De telles rencontres mettent en évidence ce que recommandait déjà notre ami Platon (427-347 av. J.-C.), à savoir "une vie philosophique comme préparation à la mort".
Je trouve particulièrement utile la comparaison avec la chenille : lorsqu'elle se nymphose et se repose dans son cocon, en suivant uniquement son instinct, elle ne doute pas faire ce qui est juste, bien qu'elle n'ait aucune idée de combien sa vie sera infiniment plus grande et plus facile une fois qu'elle aura quitté sa larve. Alors qu'elle ne vit probablement pas ce processus consciemment et qu'elle ne se voit pas comme un futur papillon, elle réussit sans effort apparent exactement ce à quoi nous nous accrochons désespérément : L'abandon ludique à l'existence présente et la confiance inconditionnelle dans le flux de la vie.
L'attention portée à nos pensées, à nos souhaits et à nos paroles, c'est-à-dire à notre propre créativité, est déterminante : nous créons ce que nous pensons et disons. Je crois en outre à la sagesse du destin et à notre capacité à nous transformer à tout moment.
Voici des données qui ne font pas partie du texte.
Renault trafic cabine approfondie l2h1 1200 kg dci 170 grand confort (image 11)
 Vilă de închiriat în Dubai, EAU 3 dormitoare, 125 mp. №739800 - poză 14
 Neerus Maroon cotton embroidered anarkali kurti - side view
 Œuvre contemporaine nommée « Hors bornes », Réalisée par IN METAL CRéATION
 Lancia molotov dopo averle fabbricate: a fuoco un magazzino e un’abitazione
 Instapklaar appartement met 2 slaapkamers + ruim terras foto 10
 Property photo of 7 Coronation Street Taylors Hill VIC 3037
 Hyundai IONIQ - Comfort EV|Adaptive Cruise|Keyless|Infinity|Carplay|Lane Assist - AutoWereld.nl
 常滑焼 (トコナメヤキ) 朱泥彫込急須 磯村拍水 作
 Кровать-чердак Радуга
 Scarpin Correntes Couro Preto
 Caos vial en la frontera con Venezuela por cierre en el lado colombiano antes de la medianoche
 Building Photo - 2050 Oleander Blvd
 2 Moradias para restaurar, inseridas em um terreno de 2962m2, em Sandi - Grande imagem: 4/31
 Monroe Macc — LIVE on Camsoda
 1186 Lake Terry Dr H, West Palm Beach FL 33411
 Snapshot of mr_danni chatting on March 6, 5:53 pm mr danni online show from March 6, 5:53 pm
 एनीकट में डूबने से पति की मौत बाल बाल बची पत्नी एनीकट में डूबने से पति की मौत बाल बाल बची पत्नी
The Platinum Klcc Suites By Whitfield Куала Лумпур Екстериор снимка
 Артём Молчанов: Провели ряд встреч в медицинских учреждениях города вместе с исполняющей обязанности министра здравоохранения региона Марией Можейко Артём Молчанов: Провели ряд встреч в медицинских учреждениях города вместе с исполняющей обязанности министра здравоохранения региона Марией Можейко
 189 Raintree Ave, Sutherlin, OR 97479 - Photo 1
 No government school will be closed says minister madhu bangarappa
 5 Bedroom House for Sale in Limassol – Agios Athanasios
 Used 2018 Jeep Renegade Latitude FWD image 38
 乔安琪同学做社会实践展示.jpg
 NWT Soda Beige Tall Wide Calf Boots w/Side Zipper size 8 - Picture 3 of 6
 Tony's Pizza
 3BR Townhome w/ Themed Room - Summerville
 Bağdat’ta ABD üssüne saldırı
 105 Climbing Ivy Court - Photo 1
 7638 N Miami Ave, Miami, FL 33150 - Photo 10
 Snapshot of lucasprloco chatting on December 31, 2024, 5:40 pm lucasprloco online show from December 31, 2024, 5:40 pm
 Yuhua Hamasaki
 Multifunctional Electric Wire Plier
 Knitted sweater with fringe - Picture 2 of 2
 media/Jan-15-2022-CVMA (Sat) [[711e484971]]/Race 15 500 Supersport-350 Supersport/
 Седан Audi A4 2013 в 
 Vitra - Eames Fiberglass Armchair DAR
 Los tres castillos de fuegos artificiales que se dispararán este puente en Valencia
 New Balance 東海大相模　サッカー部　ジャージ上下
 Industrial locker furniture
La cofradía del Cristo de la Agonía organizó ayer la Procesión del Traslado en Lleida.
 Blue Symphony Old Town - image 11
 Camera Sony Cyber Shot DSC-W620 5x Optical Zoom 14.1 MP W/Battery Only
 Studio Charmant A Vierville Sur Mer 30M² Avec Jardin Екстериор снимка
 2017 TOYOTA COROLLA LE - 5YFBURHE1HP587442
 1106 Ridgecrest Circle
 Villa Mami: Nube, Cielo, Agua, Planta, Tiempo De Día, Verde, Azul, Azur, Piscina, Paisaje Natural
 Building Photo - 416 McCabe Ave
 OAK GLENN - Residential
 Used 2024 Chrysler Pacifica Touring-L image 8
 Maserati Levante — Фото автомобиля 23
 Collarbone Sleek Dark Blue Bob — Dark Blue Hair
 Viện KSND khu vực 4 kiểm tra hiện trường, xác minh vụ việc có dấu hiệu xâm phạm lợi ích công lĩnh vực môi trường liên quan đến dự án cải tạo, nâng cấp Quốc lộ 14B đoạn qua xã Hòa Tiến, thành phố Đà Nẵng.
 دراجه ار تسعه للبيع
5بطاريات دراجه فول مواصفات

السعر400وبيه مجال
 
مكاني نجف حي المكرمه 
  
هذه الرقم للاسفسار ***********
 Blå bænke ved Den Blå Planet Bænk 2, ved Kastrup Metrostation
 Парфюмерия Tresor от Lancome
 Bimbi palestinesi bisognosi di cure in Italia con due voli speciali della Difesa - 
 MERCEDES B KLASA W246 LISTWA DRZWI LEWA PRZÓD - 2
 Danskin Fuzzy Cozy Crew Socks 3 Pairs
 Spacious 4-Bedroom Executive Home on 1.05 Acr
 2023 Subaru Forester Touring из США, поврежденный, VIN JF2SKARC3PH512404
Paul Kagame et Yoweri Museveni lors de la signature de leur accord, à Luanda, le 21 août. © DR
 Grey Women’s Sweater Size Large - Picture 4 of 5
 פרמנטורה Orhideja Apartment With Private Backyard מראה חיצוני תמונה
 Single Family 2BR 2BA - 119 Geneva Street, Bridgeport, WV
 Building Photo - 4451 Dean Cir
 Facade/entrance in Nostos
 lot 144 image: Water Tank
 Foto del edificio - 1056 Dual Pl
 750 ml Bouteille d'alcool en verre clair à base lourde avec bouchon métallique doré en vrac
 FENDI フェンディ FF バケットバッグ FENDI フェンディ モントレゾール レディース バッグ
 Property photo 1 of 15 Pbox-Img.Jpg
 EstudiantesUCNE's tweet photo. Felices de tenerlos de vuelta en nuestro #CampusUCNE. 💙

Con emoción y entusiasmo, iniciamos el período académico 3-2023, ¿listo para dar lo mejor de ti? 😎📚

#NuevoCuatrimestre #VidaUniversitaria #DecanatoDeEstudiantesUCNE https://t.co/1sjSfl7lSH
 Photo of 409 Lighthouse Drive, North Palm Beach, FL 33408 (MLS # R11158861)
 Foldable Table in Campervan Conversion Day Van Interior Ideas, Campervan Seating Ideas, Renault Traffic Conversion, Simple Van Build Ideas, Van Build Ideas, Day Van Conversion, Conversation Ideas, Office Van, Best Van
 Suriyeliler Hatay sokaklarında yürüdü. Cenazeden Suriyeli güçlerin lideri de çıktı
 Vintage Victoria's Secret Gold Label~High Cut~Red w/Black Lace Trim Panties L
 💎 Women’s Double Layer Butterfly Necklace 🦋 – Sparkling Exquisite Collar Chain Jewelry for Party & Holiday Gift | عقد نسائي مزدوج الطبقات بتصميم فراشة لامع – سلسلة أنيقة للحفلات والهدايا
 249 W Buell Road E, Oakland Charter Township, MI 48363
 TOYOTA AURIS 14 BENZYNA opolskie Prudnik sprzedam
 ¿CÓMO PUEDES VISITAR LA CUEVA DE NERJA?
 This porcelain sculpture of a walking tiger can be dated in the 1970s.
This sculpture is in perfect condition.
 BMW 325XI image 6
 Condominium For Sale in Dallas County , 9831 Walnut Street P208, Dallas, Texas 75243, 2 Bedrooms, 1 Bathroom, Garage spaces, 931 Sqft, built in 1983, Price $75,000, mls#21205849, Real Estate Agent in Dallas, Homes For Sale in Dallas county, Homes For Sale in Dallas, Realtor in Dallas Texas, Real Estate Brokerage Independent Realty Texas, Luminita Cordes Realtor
Combien de fois nous accrochons-nous anxieusement à des comportements, à des choses, à des situations ou à des personnes, par peur du changement que, curieusement, nous espérons tout autant ? Au lieu de provoquer nous-mêmes consciemment le changement, nous comptons secrètement sur le fait que "les circonstances" feront bouger les choses, ce dont nous ne nous croyons guère capables. Certains d'entre nous n'osent même pas changer leur apparence extérieure, car cela pourrait éventuellement s'accompagner d'un renouvellement de leur attitude intérieure. J'ai vu des gens qui pendant des années ne touchaient pas à un seul de leurs cheveux pour ne surtout pas se faire remarquer.
En cas d'incertitude occasionnelle, je me fais volontiers une certaine idée laquelle j'imagine à chaque fois sous toutes les couleurs : Notre âme est immortelle. Avant de s'incarner, elle contemple intuitivement son véritable être dans le royaume des idées. Elle voudra s'en souvenir toute sa vie, en cherchant, en pressentant et en sachant, avec des images et des sentiments diffus ou des éclairs de lucidité, et assez souvent aussi en pêchant dans des eaux troubles.
Et pourtant, la grande majorité des détails de notre existence sont variables, le plus souvent en notre faveur : chaque jour, nous avons le choix d'être ce que nous voulons être. Personne ne peut nous en empêcher, sauf nous-mêmes.